Bloß: wie viel „Baumpflege“, also gemeinsame Zeit mit Freunden, ist möglich, wenn drei Kinder im Haushalt sind, beide Eltern arbeiten gehen, zwischen Rasenmähen, Wäschemachen und dem Grundschulprogramm ganz? „Es geht nicht nur darum, dass die zur Verfügung stehende Zeit weniger wird. Wenn man Kinder hat, werden auch ideelle Aspekte im Hinblick etwa auf Lebensgestaltung oder Kindererziehung, die man miteinander teilt oder eben nicht teilt, noch wichtiger“, meint Wilhelm Huber, kurz Willi. Der 42-Jährige lebt in Mainz und hat drei Kinder im Alter zwischen zwei und acht Jahren. Viele seiner Freundschaften hat er bis heute, auch wenn die meisten erst später Kinder bekamen als Willi. Einige Freundschaften aus Jugendtagen in der alten Heimat pflegt der gebürtige Hamburger ebenfalls noch immer – trotz Kinder und trotz Entfernung.

Es gibt allerdings auch Freunde, mit denen er sich auseinandergelebt hat. Das neueste Smartphone, die nächste Party – die inhaltlichen Schnittmengen waren dem Mainzer eines Tages zu gering. „Wenn man nur noch so wenig Zeit zur freien Verfügung hat, überlegt man sich auch eher mal: Ist es mir das jetzt wert?“, sagt er.

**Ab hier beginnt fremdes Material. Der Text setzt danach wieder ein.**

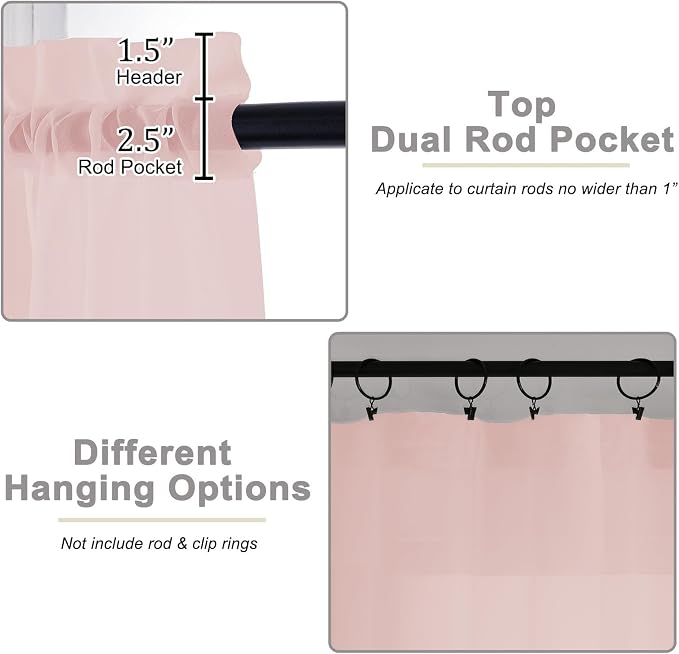 Blush Sheer Curtain for Bedroom Living Room 72 Inches Long 2 Panels Set - Image 4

Kinder bringen noch eine ganz andere Herausforderung: Jeder erzieht anders. Auch hier hat Willi gemerkt, dass das Konflikte birgt. In die Erziehung seiner Freunde hat er sich jedoch bislang nicht eingemischt. Das Fazit des Familienvaters: Durch die Kinder hat sich nicht alles verändert, aber durch sie ist die Definition von Freundschaft für Willi eine andere geworden. „Vielleicht wäre das aber in einer gewissen Weise auch ohne Kinder einfach durchs Alter so gekommen“, spekuliert er.

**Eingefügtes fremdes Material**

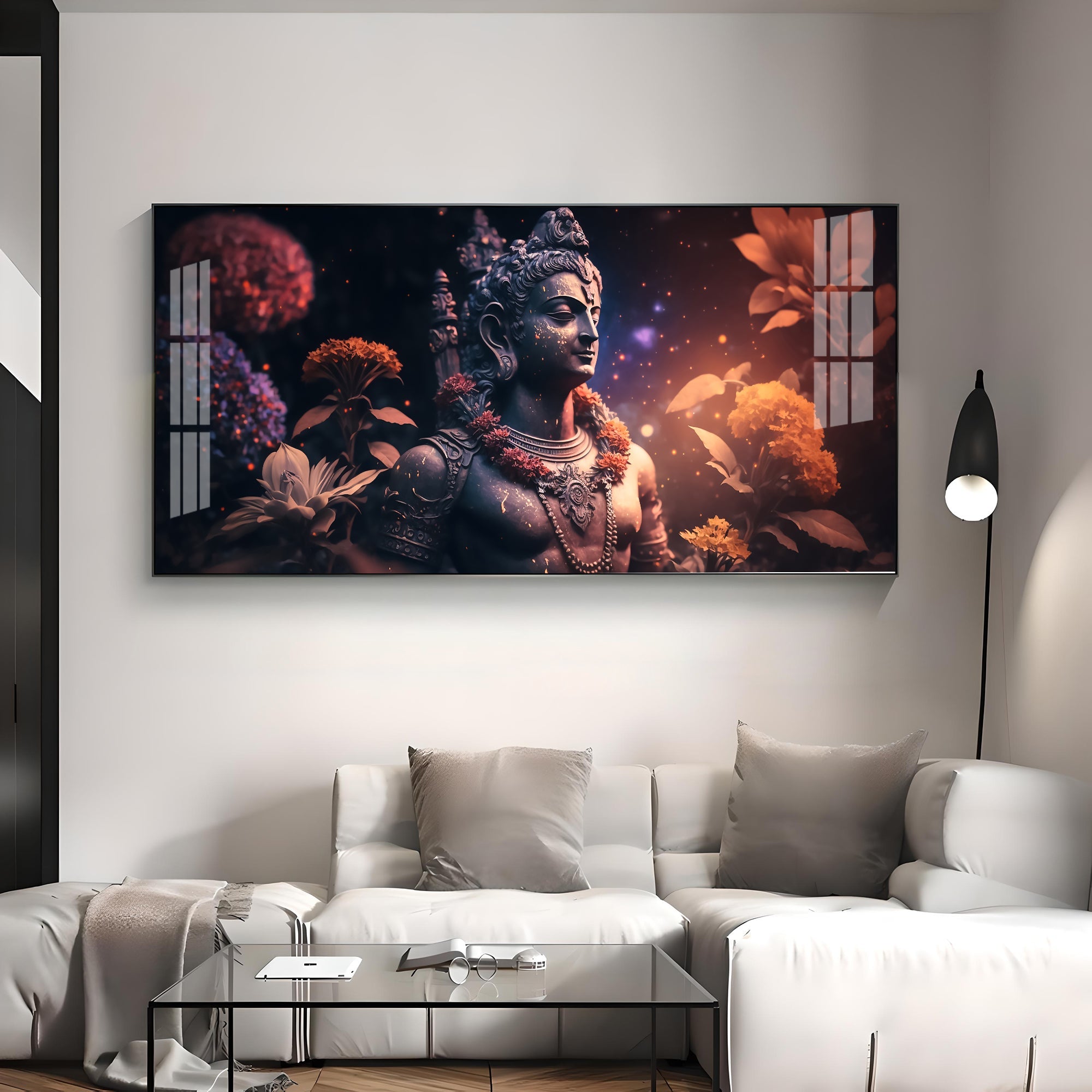 Lord Shiva With Rosary Premium Acrylic Horizontal Wall Art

Ein Rezept für eine lebenslange Freundschaft gibt es offenbar nicht. Menschen, ihr Umfeld und ihre Interessen verändern sich, die Zeit wird rar in manchen Lebensabschnitten. „Einen Freund auf Augenhöhe zu haben, ist großes Glück“, sagt die Mentaltrainerin Kathrin Laborda. Das sollte man nicht leichtfertig aufgeben.